++++ DATASET EXTRACT
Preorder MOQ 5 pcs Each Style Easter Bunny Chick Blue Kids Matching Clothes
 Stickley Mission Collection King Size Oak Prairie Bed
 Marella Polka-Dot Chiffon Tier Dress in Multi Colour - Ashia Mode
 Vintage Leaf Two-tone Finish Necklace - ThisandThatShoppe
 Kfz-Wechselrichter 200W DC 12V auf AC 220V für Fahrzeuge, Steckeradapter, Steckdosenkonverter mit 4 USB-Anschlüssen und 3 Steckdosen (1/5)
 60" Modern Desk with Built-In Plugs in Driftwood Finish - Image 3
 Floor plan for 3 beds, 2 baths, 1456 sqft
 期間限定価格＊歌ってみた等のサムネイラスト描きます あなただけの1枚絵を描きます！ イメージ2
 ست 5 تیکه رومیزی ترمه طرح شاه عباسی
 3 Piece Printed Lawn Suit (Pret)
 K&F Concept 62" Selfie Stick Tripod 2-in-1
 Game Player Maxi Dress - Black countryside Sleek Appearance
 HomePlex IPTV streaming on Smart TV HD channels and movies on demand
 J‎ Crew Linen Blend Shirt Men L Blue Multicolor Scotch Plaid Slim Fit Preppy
++++++++
**ACTIVITY:** The expected output is the lines from the one holding "期間限定価格＊歌ってみた等のサムネイラスト描きます あなただけの1枚絵を描きます！ イメージ2" through the last line of the data, exactly as they appear, with nothing before or after.

**TASK SOLUTION:**
 期間限定価格＊歌ってみた等のサムネイラスト描きます あなただけの1枚絵を描きます！ イメージ2
 ست 5 تیکه رومیزی ترمه طرح شاه عباسی
 3 Piece Printed Lawn Suit (Pret)
 K&F Concept 62" Selfie Stick Tripod 2-in-1
 Game Player Maxi Dress - Black countryside Sleek Appearance
 HomePlex IPTV streaming on Smart TV HD channels and movies on demand
 J‎ Crew Linen Blend Shirt Men L Blue Multicolor Scotch Plaid Slim Fit Preppy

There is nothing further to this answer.